LGBT Executive Center Director Brian Buford told Ganzel that Josephson "might be violating the ethical standards for psychiatry" and warned that attention to his remarks "puts our reputation at risk." The dean agreed Josephson's remarks did not "reflect the culture" of the medical school.

Ganzel told Buford to "discuss next steps" with Woods, while Carter said his colleague's "highly conservative" views — embraced by several liberal European governments — could hurt the medical school's "accreditation, recruitment and retention."

Carter vowed to challenge Josephson's activities and said all division faculty agreed Josephson "must cease and desist in these activities in his role as our division chief," Mathis wrote. Woods confronted him about appearing at Heritage, because "those on the religious right" might promote his views "in ways he might not anticipate" and connect them to his "day job."

Faculty dogpiled Josephson at a meeting, with Le, Carter and others demanding he apologize or distance his views from the medical school, and he accused them of staging "a coup." Woods told Josephson to resign from the position a week after he declined the chief's offer to do so.

Le, Carter, and Lohr then stepped in as division co-chiefs and started devising grounds to get rid of Josephson, the opinion summarizes. 

Lohr told his colleagues he was inclined to challenge Josephson's "inductive reasoning as unscientific and ask how much he’s earned as an expert witness over the last 2 years on sexuality issues," while Woods and Boland told him "not to treat LGBTQ patients."

The co-chiefs started monitoring Josephson's behavior before assuming authority over him, creating a document to track "concerns and productivity issues" about him that was updated for more than a year. One compared it to "making a report to Child Protective Services."

They had a "tense meeting" about his workload  in March 2018 and accused him months later of "insufficient work performance," which Josephson called the "only formal productivity warning" he had ever received. He claimed to "immediately" increase his productivity in response but said the co-chiefs never told him it was insufficient before his nonrenewal the next year.

Josephson's speech was clearly protected, Judge Mathis wrote. He spoke on "sensitive political topics" of public concern, Heritage paid for his travel expenses and made clear he was speaking for himself — Josephson's formal duties are to "spread the good news" about the school off campus — and he gave remarks "related to his teaching and scholarship."

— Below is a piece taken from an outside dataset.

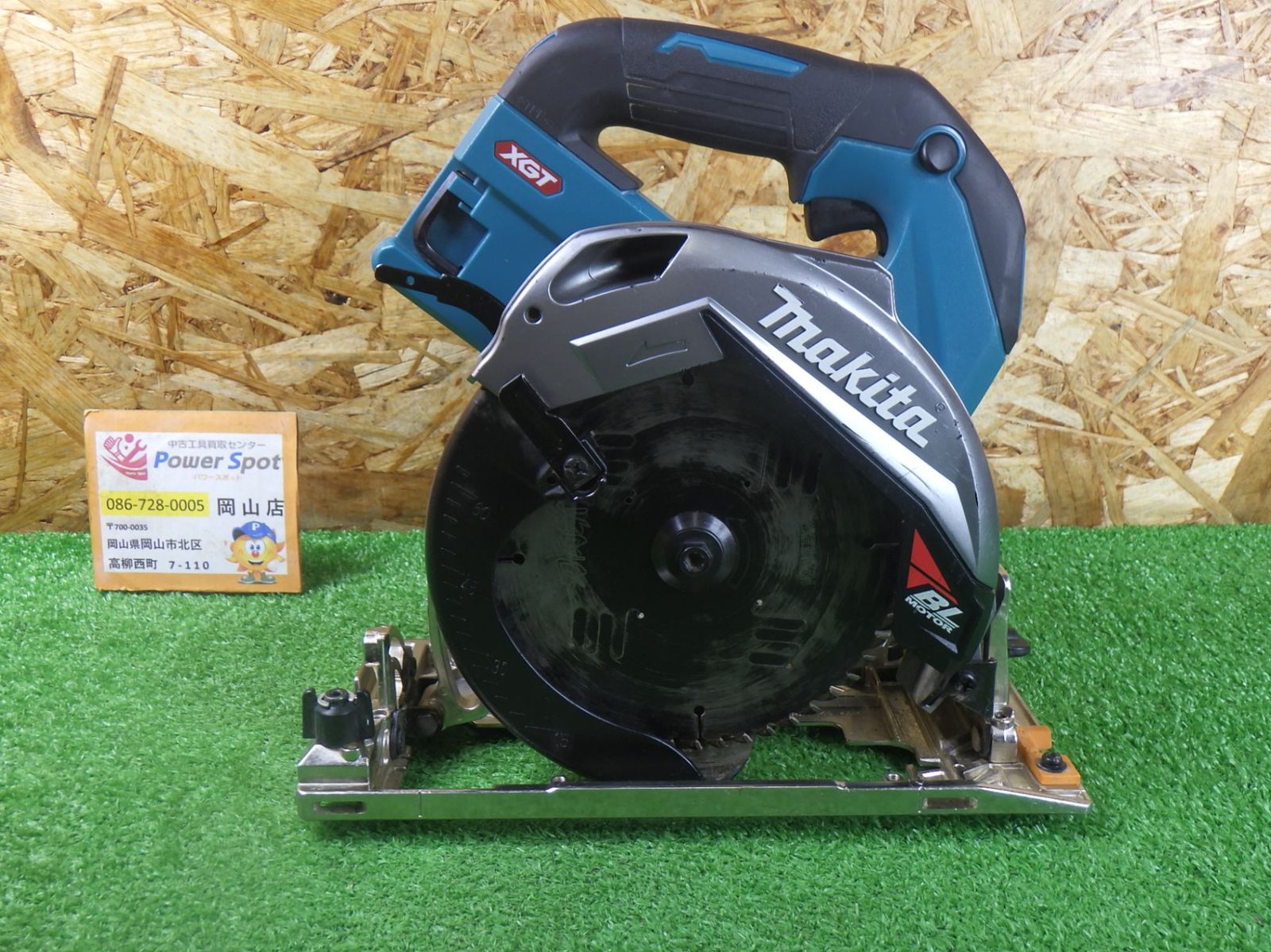 makita 165㎜ 充電式マルノコ HS001G 黒 大工道具 日曜大工 建築 内装 中古品 260908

The only way his remarks "interfered with the Medical School’s operation" — a permissible basis for regulating his speech — was creating "disharmony" with colleagues and when he "stormed out of a contentious faculty meeting" when some attendees criticized his views, Mathis wrote.

The school could not "identify any actual impact Josephson’s remarks had on patient care" or anyone who quit or rejected a job offer based on his activities, and offered no evidence its accreditation was threatened. The basis for his removal as chief was stated as "limited confidence" in his leadership, not violating "loyalty or confidentiality duties," the judge said.

The 8th Circuit panel settled the issue of whether public university professors still have First Amendment protections in their "core academic functions" when it upheld Nicholas Meriwether's right to avoid personal pronouns in 2021, Mathis wrote. "Josephson’s panel remarks were on a topic he taught and wrote about as a child-psychiatry expert."